Neutrons are similar, just with a different set of unpaired quarks. Electrons, however, are not. I think this has something to do with the fact that electrons carry no color charge so they don’t get tied into knots by the strong force.
After reading a bit more of this site, I realize something must be wrong with my understanding here. I don’t know if the usually quoted mass of the proton (approx 1 GeV/c^2) is supposed to be a “rest” mass, or if that even makes any sense for a composite particle. Is the motion energy of all those quarks and gluons zipping around at nearly the speed of light a part of this mass or not? What about the potential energy associated with the color charge? Are the paired quark/antiquark pairs “virtual” particles resulting from the mediation of all that energy, whose rest mass somehow “doesn’t count”, or something else entirely?
1 GeV (actually .938) is indeed the rest mass of the proton. As you point out, there is positive motion energy from all those particles running around in there, as well as some amount of positive mass energy, and then there is also a very negative potential energy from the fact that all those particles are tightly bound in there. We do not have a simple description of a proton analogous to a hydrogen atom, where you can work out where all the energy comes from. It’s a big complicated mess, but in the end the sum of the energies for a proton at rest is 0.938 GeV. Yes, highly relativistic bound states are a lot more complicated than nice simple non-relativistic atoms.
Does that help at all? Maybe not very satisfying… but hopefully clarifying…
(I tried to post this a couple of times over the weekend, but it seems to have gone to /dev/null — at least I hope it went there rather than Matt’s inbox. My goal was to assist in addressing some of these questions, not to create extra work. Let’s see if this goes any better when I strip out the links that were in previous versions…)
Andrew, I think you’ve pretty much got it. There is always a level of impressionistic imprecision in non-mathematical language. That said, sometimes terminology can be important to physical understanding, as in the case of mass: as Matt explains in a comment to his Higgs FAQ (7 September, in response to Alfa), the mass of a particle is constant and does not change with speed. “Rest” mass is a potentially misleading — and unnecessary — concept. For more information, I recommend the 1989 Physics Today article “The Concept of Mass” by Lev Okun, which you can find through a Google search.
Mass makes as much sense for composites like protons as it does for apparently-elementary (non-composite) particles like electrons and quarks.
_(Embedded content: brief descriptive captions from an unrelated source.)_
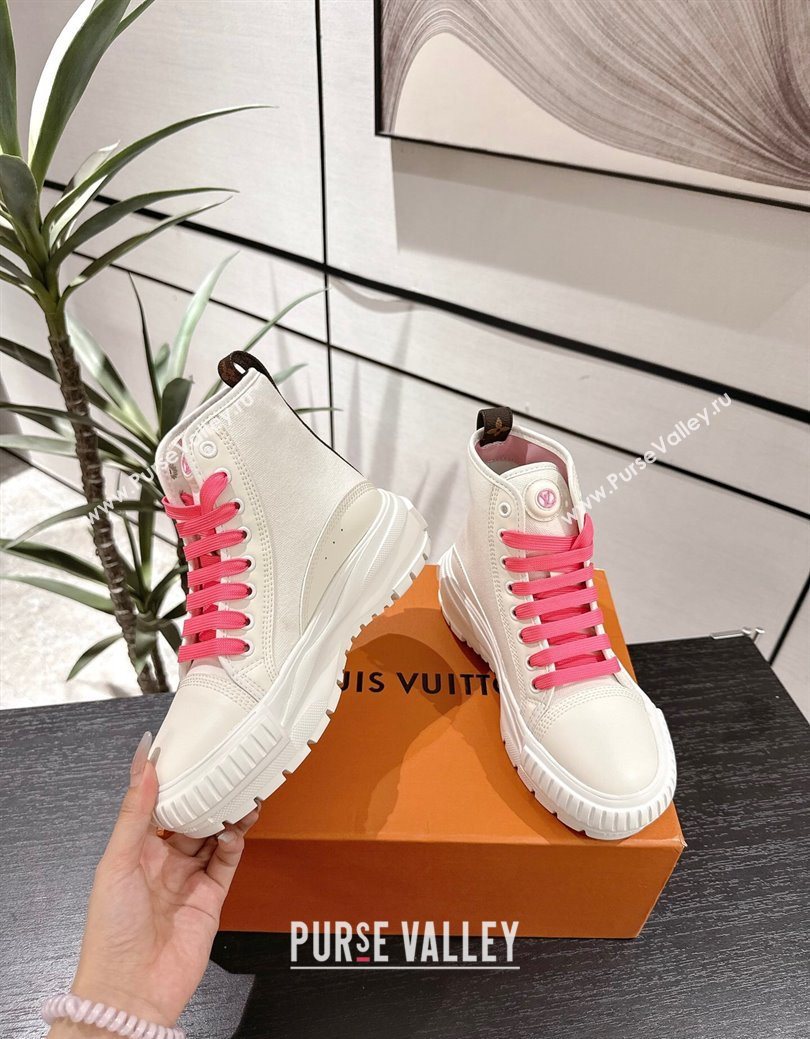 Louis Vuitton Canvas and Leather High Top Sneakers White/Dark Pink 2025 LV082903 (MD-250829045)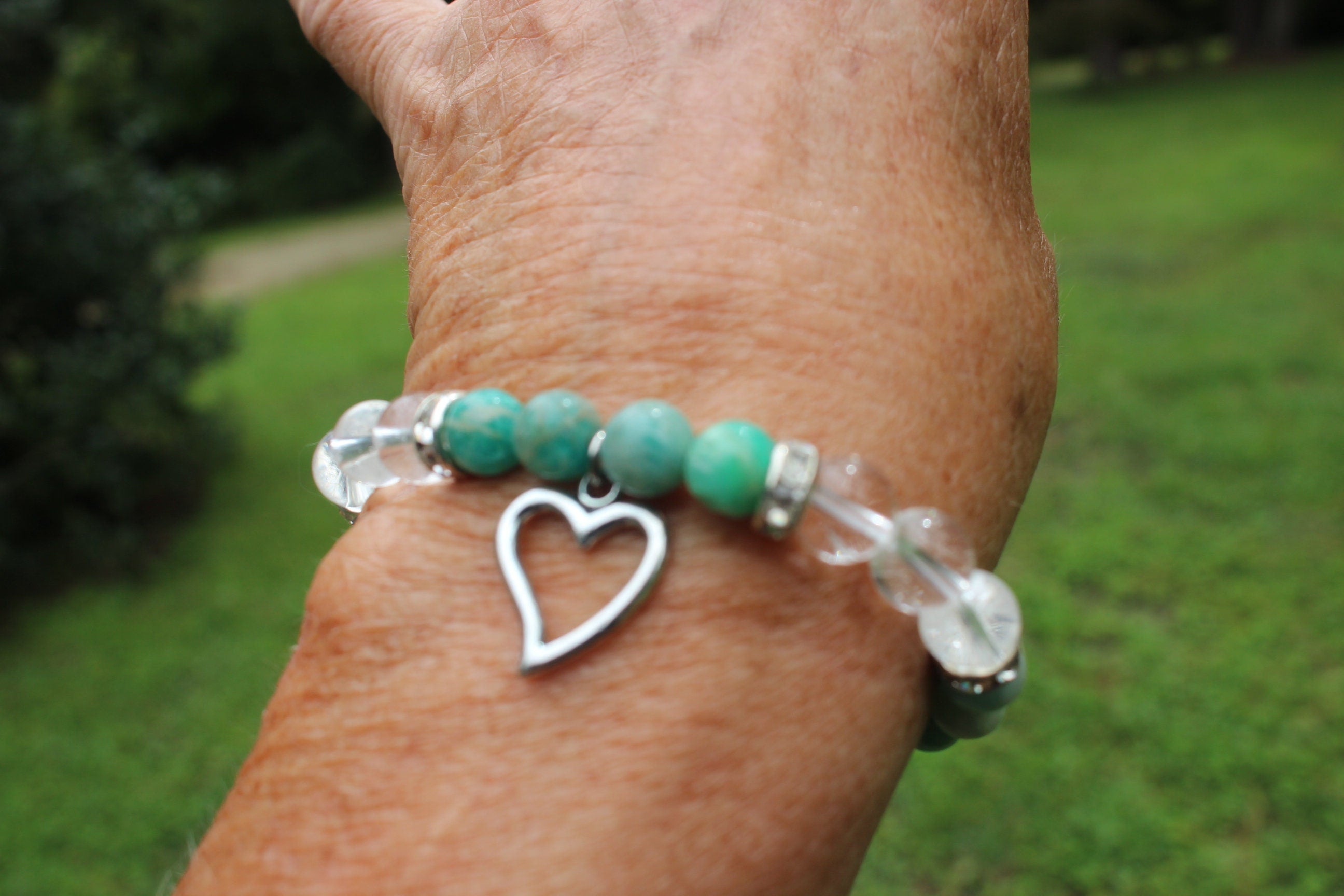 Meditation Room Relaxation Gift Set, Turquoise Color Buddha Head, Amazonite & Quartz Bracelet,  Large Quartz Crystal. Yoga Gift.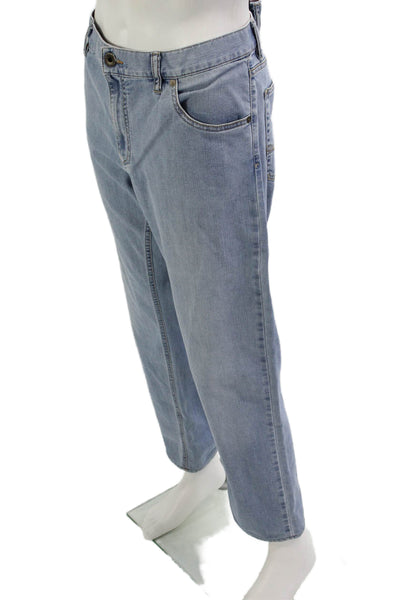 Alberto Mens Cropped Straight Jeans Light Blue Button Size 38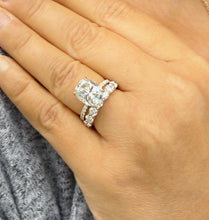 Load image into Gallery viewer, Elongated Cushion Cut and Round Cut Sides Simulated Diamonds Engagement Ring And Matching Band 14K Solid Yellow Gold Wedding Set 6.50ctw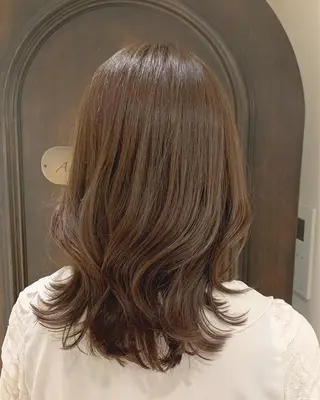 ミディアム カラー 🧡くびれヘア/前髪 顔周り🧡久原結衣のヘアスタイル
However, while the known elementary particles gain mass through their interactions with the Higgs field(s), the masses of composites come from the energy (including the mass-energy) of their constituents. In the case of the proton, its mass is roughly 100 times larger than the sum of the masses of the three unpaired quarks that make it a proton (by determining its electric charge and other properties). Describing the other ~99% is where things can get impressionistic.
Personally, I find it more useful to think in terms of fields. One way of phrasing things is to say that most of the proton’s mass comes from the energy of the strong interaction that ties together the up-quark and down-quark fields to form the proton. The strong interaction is strong enough that it produces many (specifically, “zillions”) of disturbances in the fields.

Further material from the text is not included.